When nothing is real – to take a Lennon line – there’s nothing to get hung about.
Bitcoin, to put it mildly, has lost China. To be more specific, China has banned transactions involving cryptos, marking them as illegal. That, of course, includes bitcoin.
That blanket ban seems to set up a greenfield opportunity for central bank efforts to bring digital yuan into the mix, to be used across a variety of use cases in retail and commercial settings.
The exodus has already begun in earnest, as two of the world’s biggest bitcoin exchanges – Huobi and Binance – stopped taking users from China, with the former on track to close accounts based in mainland China.
But the price of bitcoin, arguably the 800-pound gorilla in the space, as measured by market cap – and certainly as a proxy for cryptos in general – has remained surprisingly resilient.
At a recent quote of about $43,566, bitcoin is trading lower than it was last week when the ban was announced – but not by much, considering that back then, the price was about $1,000 higher. The recent trading action is significantly above the recent nadir of around $41,300 seen in the wake of the announcements from Chinese authorities.
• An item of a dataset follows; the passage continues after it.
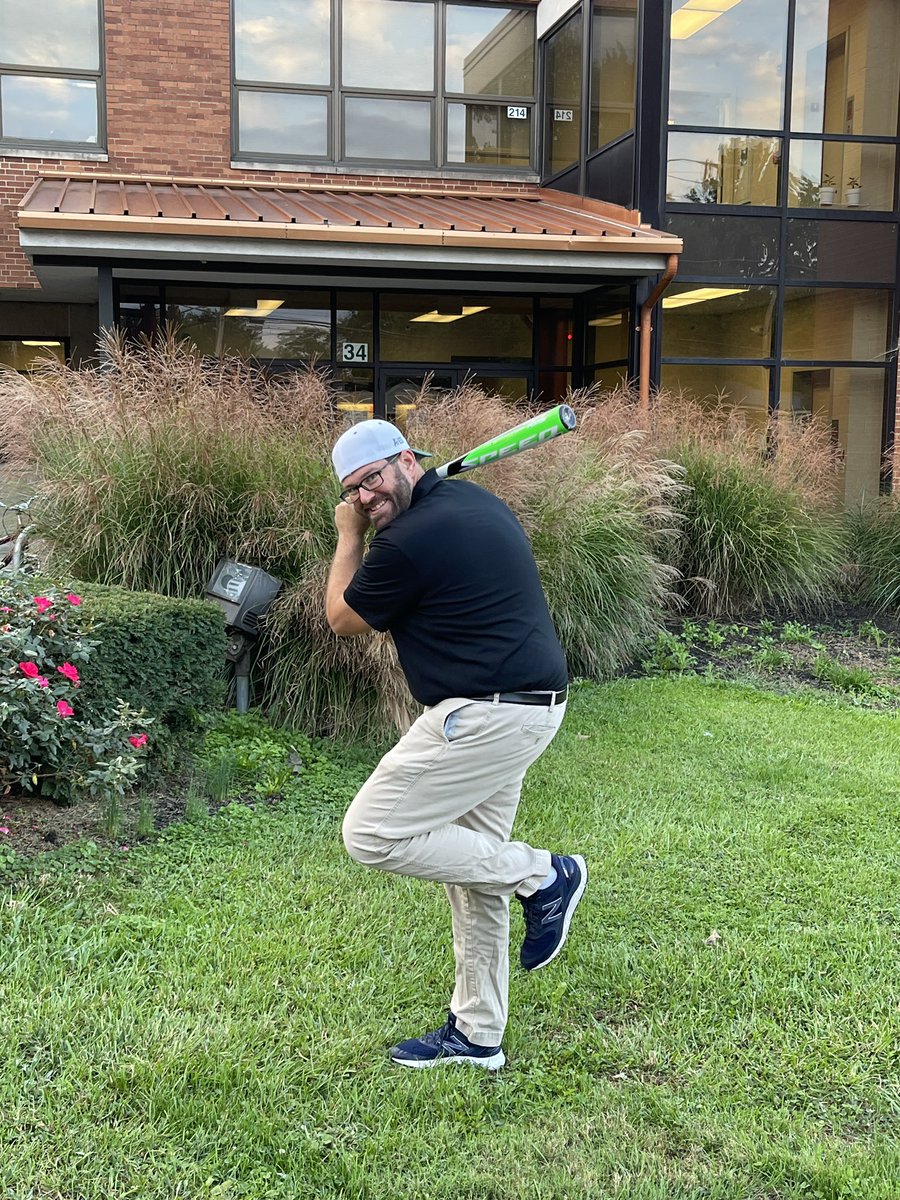 SycamoreJrHigh's tweet photo. @SycamoreJrHigh stepping up to the plate to help #FlightFest score a successful fundraising year! #BID #RACE #Aves #SeeYouAtTheRacesTOMORROW   Saturday 10/16/2021 https://t.co/r6buaqWLQy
Now, the “market share” of a certain country tied to any single crypto may be tough to pin down, and would fluctuate depending on sentiment. But recent reports in publications like The Wall Street Journal, per statements from Huobi executives, peg that crypto’s volume from the rest of the world at around 70%; that leaves 30% of volume stemming from China.
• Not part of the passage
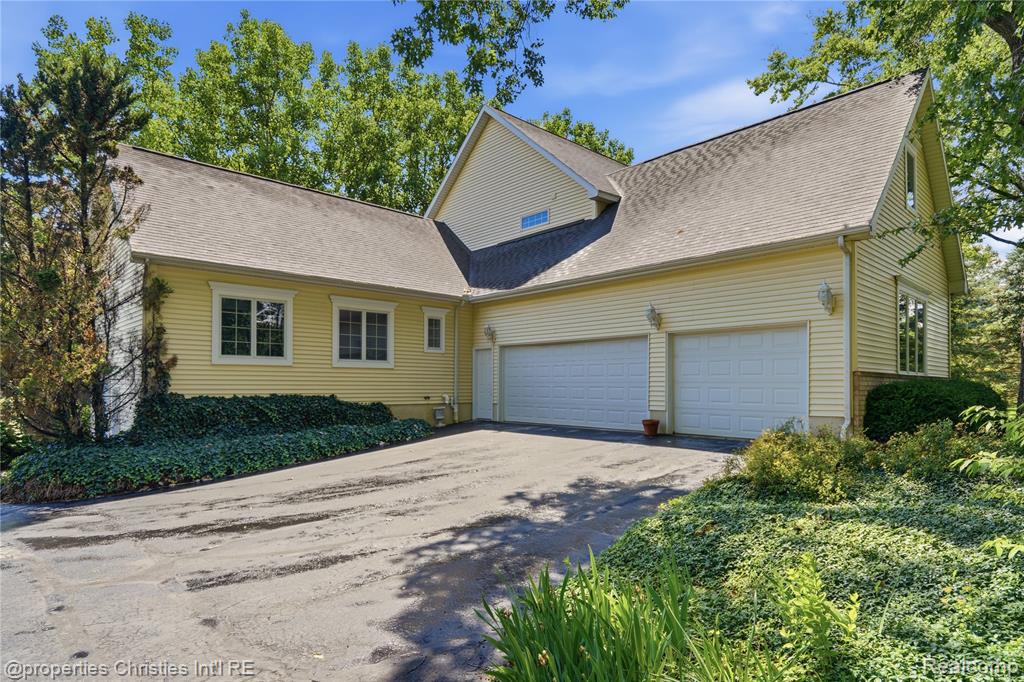 4462 Lily Drive, Howell, MI 48843 — Photo 57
With at least double-digit contributions from China for these exchanges, it stands to reason that the price would, well … tank. And yet, as noted above, that has not happened.
To draw a parallel: What would happen if, say, China effectively banned Apple – which, depending on the quarter, could mean that a high teens (or greater) percentage of the top line would disappear? The reaction on the Street among buyers and sellers would point in one direction: down.
Yet bitcoin’s buoyancy begs the question: Just what is the price based on? It might be the case that the latest China news, upon reflection, is sparking a “ho-hum” reaction. After all, China has tried, via varying regulatory salvos in past years, to stamp out bitcoin. But in this latest effort, there’s a concerted push by 10 agencies to put an end to the mining and trading.
The assumption, then, is that bitcoin-related activity will simply go somewhere else. Hong Kong is still a viable market for trading. And in at least one market, El Salvador, we’re seeing the uneven ride toward the long-promised use as currency.
The speculation seems to be rooted in the promise that bitcoin will find its place and its level in markets outside of China. Companies like PayPal are launching super apps that bring crypto into the fold. And, as PYMNTS has noted in past studies, as much as 18% of the population would use crypto in everyday commerce, which translates into tens of millions of consumers.
For now, at least speculation is speculation – waiting for something that has yet to materialize, and may not (at least not in the expected fashion). So, in that vein, the price can be whatever one wants it to be.
Which begs another Lennon song title: Imagine.